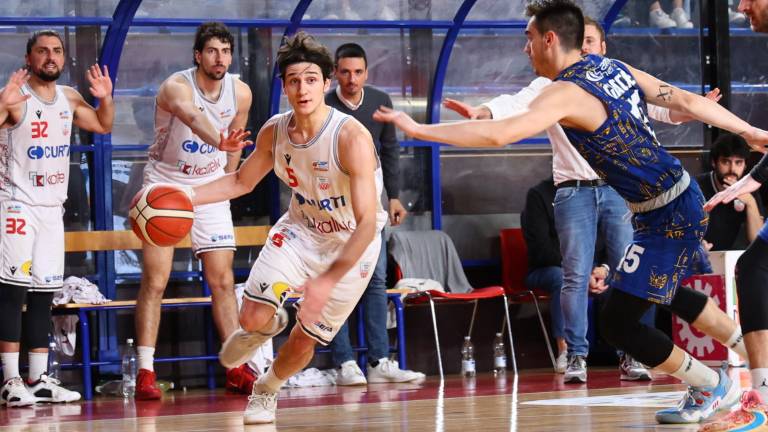 Basket B play-out, Andrea Costa che brutta partenza Basket B play-out, Andrea Costa che brutta partenza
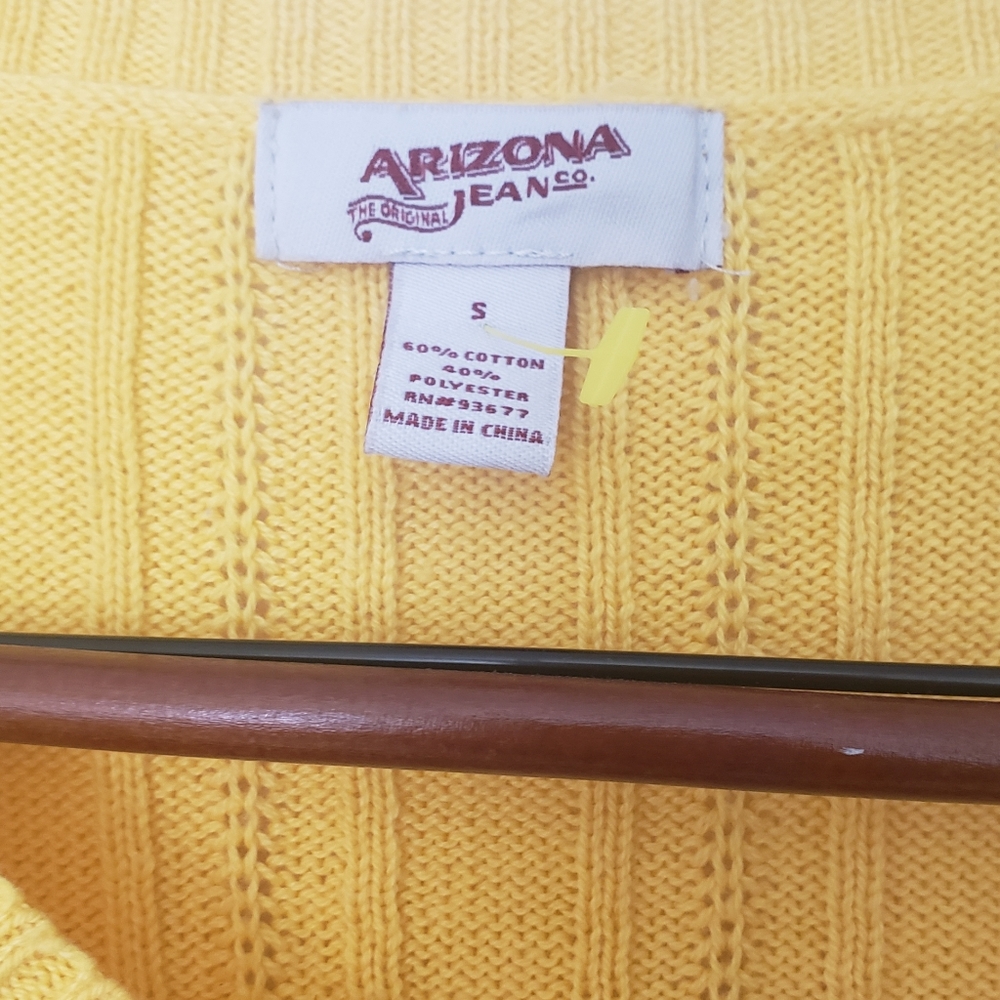 Women's Fitted Cable Knit Sweater - Picture 6 of 6
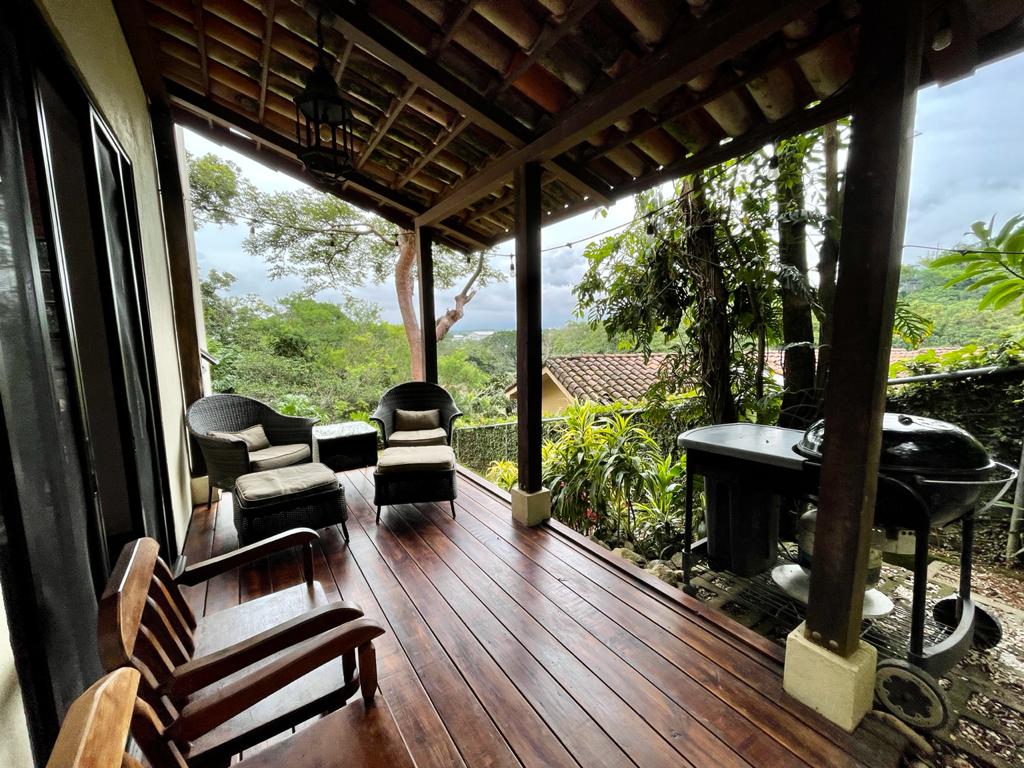 House for sale in a gated community in Brasil de Mora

▶ [EXERCISE GOAL]
The reply should hold every line of the material above, unchanged, and no pictures.

▶ [REPLY]
 Basket B play-out, Andrea Costa che brutta partenza Basket B play-out, Andrea Costa che brutta partenza
 Women's Fitted Cable Knit Sweater - Picture 6 of 6
 House for sale in a gated community in Brasil de Mora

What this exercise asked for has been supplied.